- PROBLEM REQUIREMENTS
Look below for the line with "Next is entomophily" and the line with "Thanks for watching". Copy exactly those two lines and every line between, but not the pictures.

____ DATA FOR THE TASK

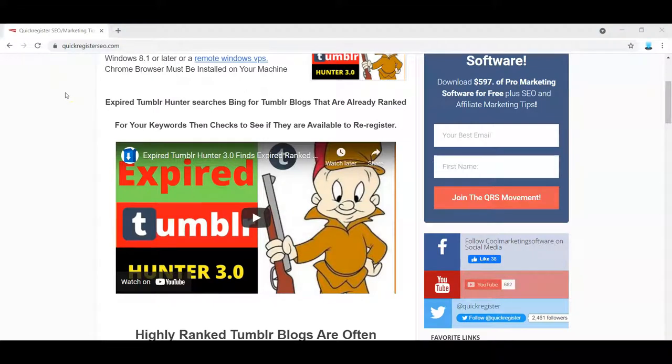Hey, I got an idea. Why don't you give away my software so you can build your list? In this video, I'm going to show you how to do that from A to Z, beginning to end, even if you don't have a website right now — which, by the way, I recommend you do get if you're doing affiliate marketing. But even if you don't have a website, I'm going to show you how to do it from A to Z.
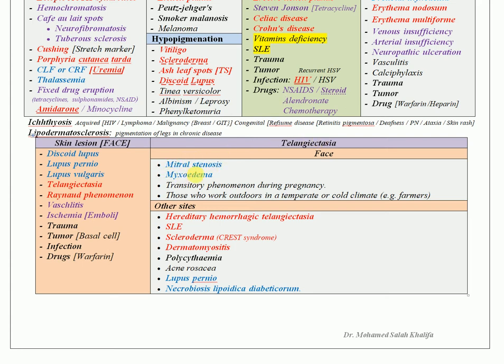For telangiectasia on the face, put in your differential diagnosis mitral valve disease and myxedema. If telangiectasia is in another area beyond the face, hereditary hemorrhagic telangiectasia is the most common cause. Systemic lupus, scleroderma, and dermatomyositis also frequently present with telangiectasia.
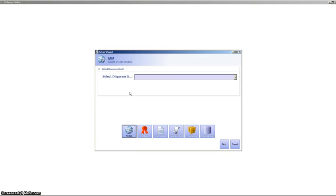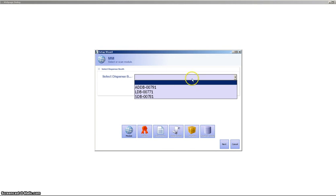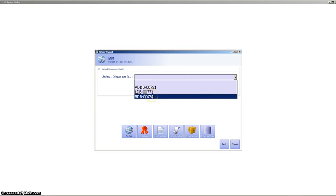So the first thing that we see is it starts a wizard, and the wizard helps guide the operator through all the steps necessary to prepare for the dispensing. So the first thing the operator needs to do is tell it where it's going to be created, and we're going to use our small dispensing booth.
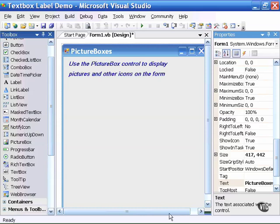In this movie I will demonstrate the use of picture boxes. Oftentimes you might want to display on the form a picture or icon or some other graphical image. To begin I will find the picture box control in the toolbox.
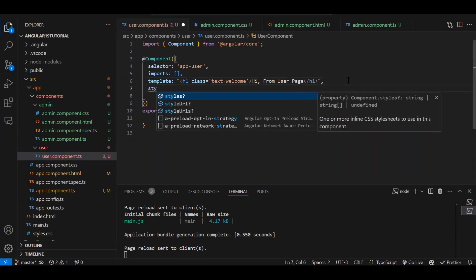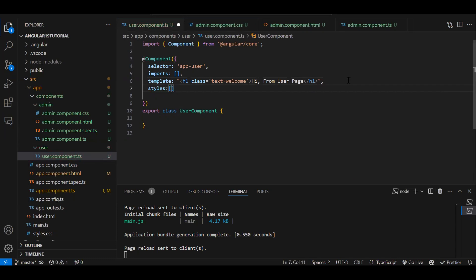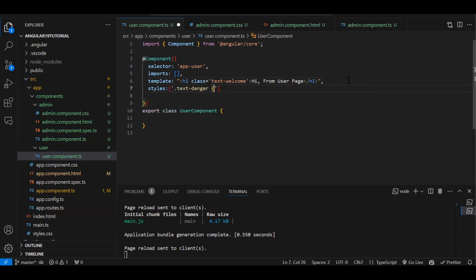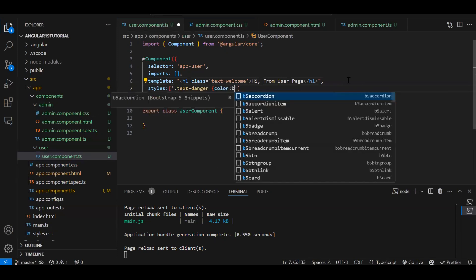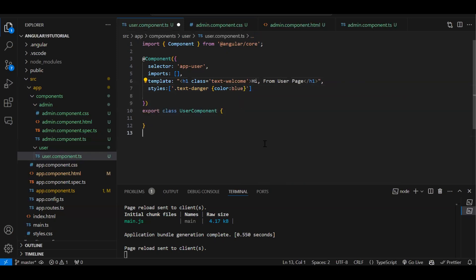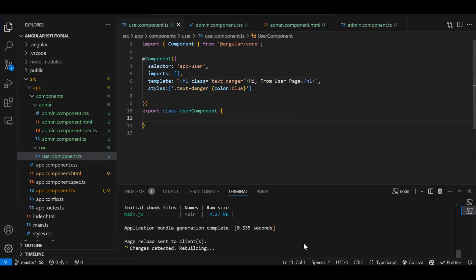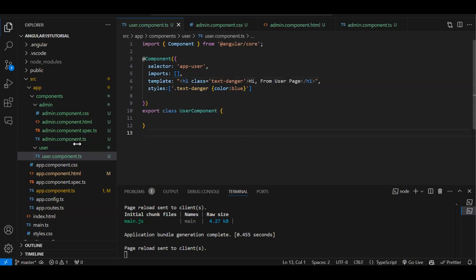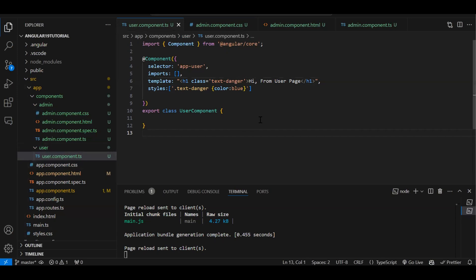For a single-file component, instead of 'styleUrl' we use 'styles' as an array. For example: styles: ['.text-danger { color: blue; }']. You can create an array of CSS classes this way. Applying 'text-danger' in the template gives blue color. So either you can have a separate CSS file or define styles inline — and use single-file components when you have small, simple HTML.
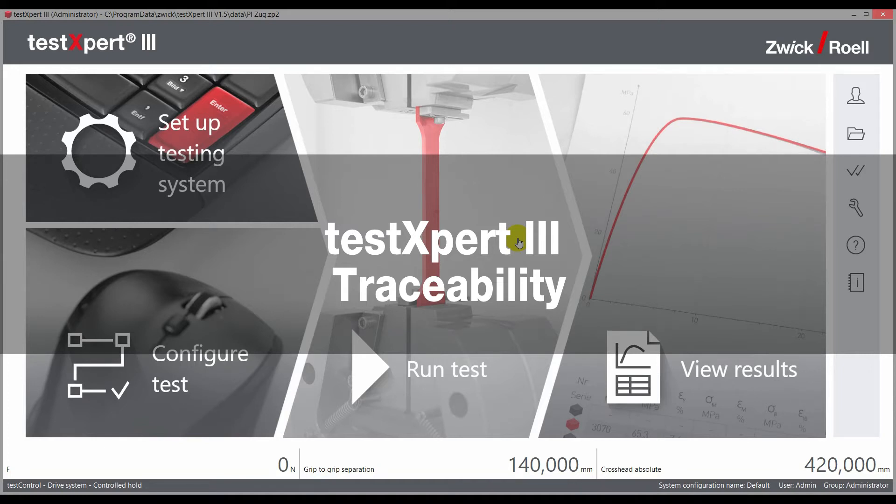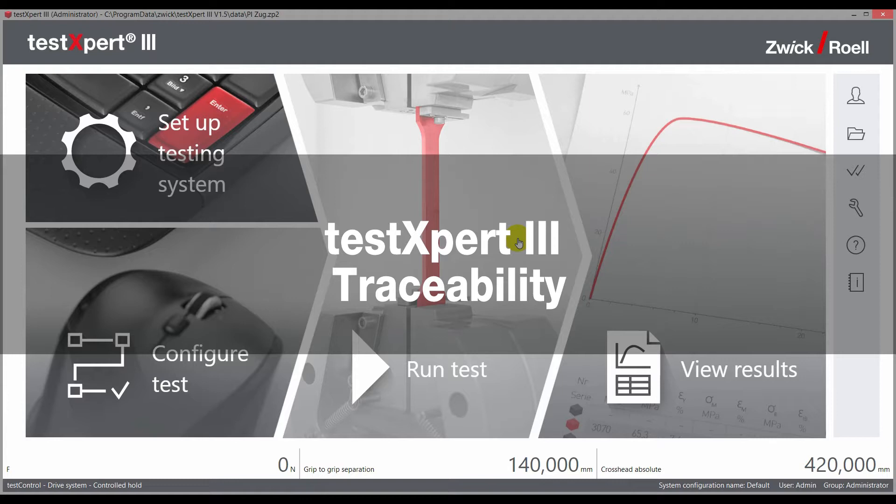The following video shows the possibilities provided by the Traceability option in TestExpert. Zwick Roell developed this option with renowned pharmaceutical and medical technology companies, sold it well over 1,000 times, and qualified it according to the strict requirements imposed by the FDA and other organizations.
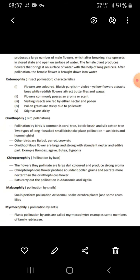Next is entomophily — insect pollination. Flowers are colorful and commonly possess an aroma. Visiting insects such as bees are fed by nectar and pollen. Pollen grains are sticky due to the pollen kit, and the stigma is also sticky.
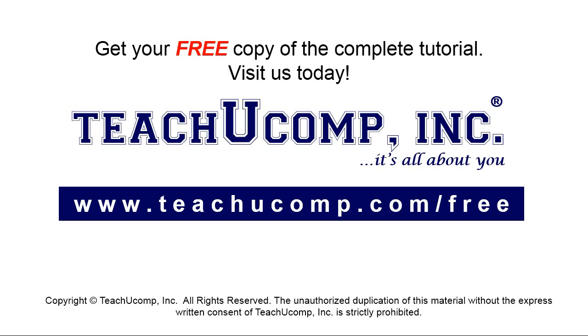Get your free copy of the complete tutorial at www.teachucomp.com forward slash free.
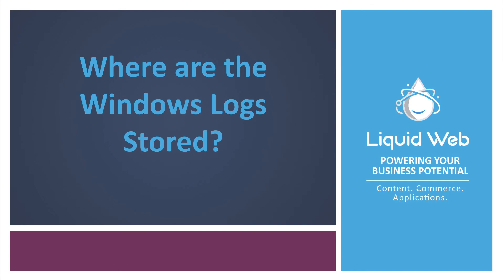Thanks for watching this video on where to find your Windows logs. For more information on this topic or other helpful tutorials, please visit our knowledge base at www.liquidweb.com/kb or see our videos at www.youtube.com/liquidwebinc.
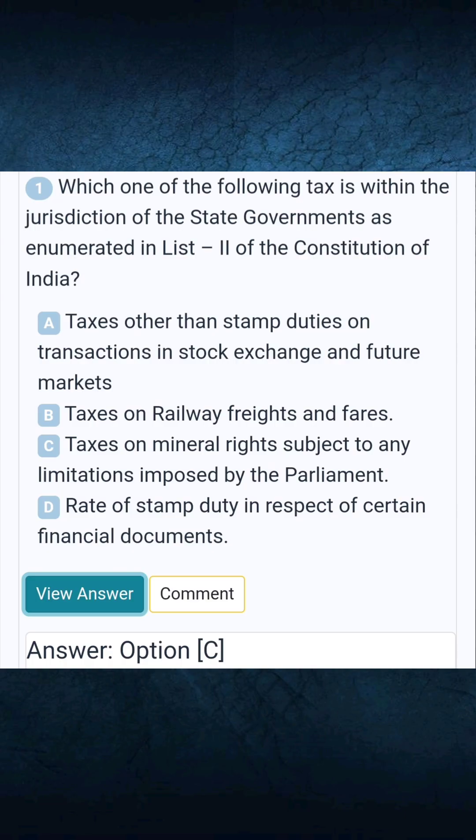Question 1: Which one of the following taxes is within the jurisdiction of the state governments as enumerated in List 2 of the Constitution of India? Answer C: Taxes on mineral rights, subject to any limitations imposed by the Parliament.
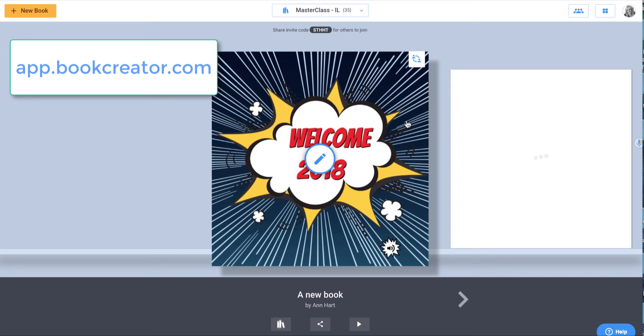I want to show you how extraordinarily easy Book Creator is to use in the classroom and why it can be used from kindergarten to 12th grade.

________

- SOLUTION BELOW
Next is entomophily — insect pollination. Flowers are colorful and commonly possess an aroma. Visiting insects such as bees are fed by nectar and pollen. Pollen grains are sticky due to the pollen kit, and the stigma is also sticky.
Get your free copy of the complete tutorial at www.teachucomp.com forward slash free.
Thanks for watching this video on where to find your Windows logs. For more information on this topic or other helpful tutorials, please visit our knowledge base at www.liquidweb.com/kb or see our videos at www.youtube.com/liquidwebinc.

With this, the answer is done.